• INPUT MATERIAL:
━━━━━━━━━━━━━━━━━━━━━━━━━━━━━━

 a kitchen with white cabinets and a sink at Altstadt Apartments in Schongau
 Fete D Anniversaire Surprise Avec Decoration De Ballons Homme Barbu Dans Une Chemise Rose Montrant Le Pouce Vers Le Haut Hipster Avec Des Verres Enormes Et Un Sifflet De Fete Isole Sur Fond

━━━━━━━━━━━━━━━━━━━━━━━━━━━━━━

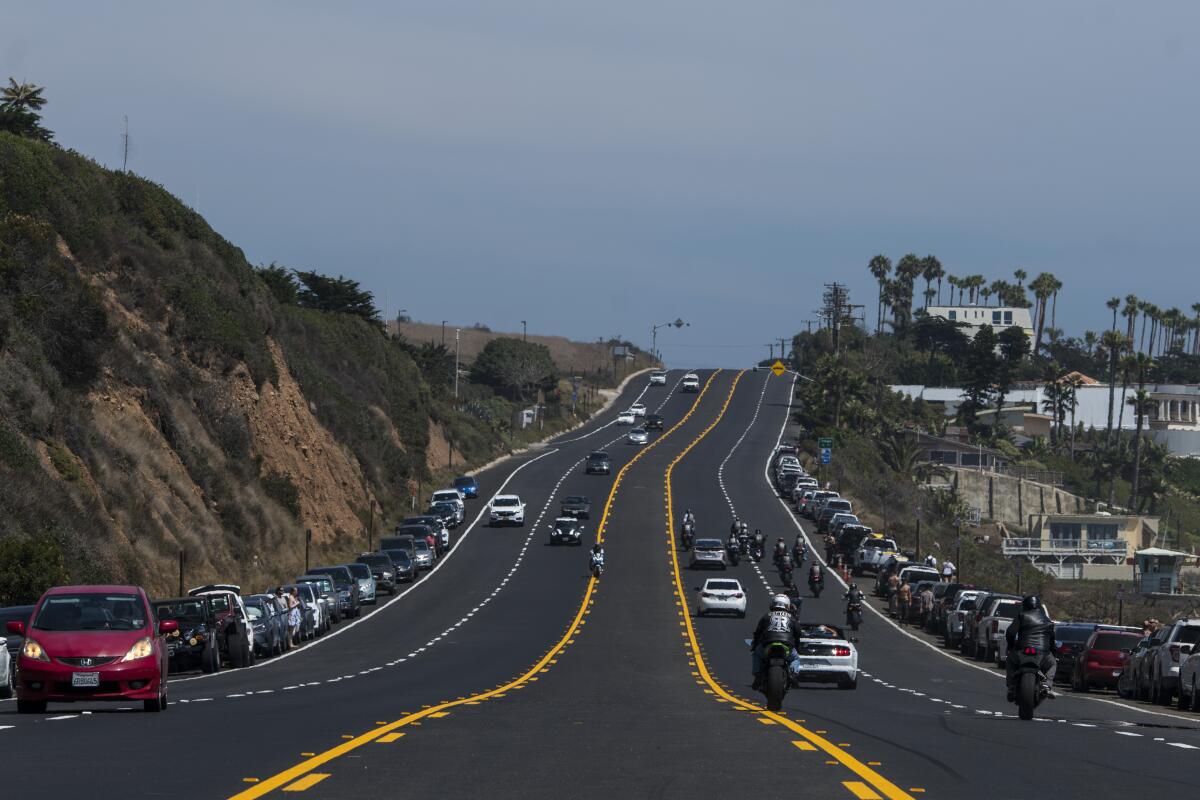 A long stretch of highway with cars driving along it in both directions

━━━━━━━━━━━━━━━━━━━━━━━━━━━━━━

• EXERCISE DIRECTIONS: From the entries above, write out only the lines starting at the line that holds "a kitchen with" and ending at the line that holds "Fete D Anniversaire", keeping both and matching them exactly.

• RESULT OF THE TASK:
 a kitchen with white cabinets and a sink at Altstadt Apartments in Schongau
 Fete D Anniversaire Surprise Avec Decoration De Ballons Homme Barbu Dans Une Chemise Rose Montrant Le Pouce Vers Le Haut Hipster Avec Des Verres Enormes Et Un Sifflet De Fete Isole Sur Fond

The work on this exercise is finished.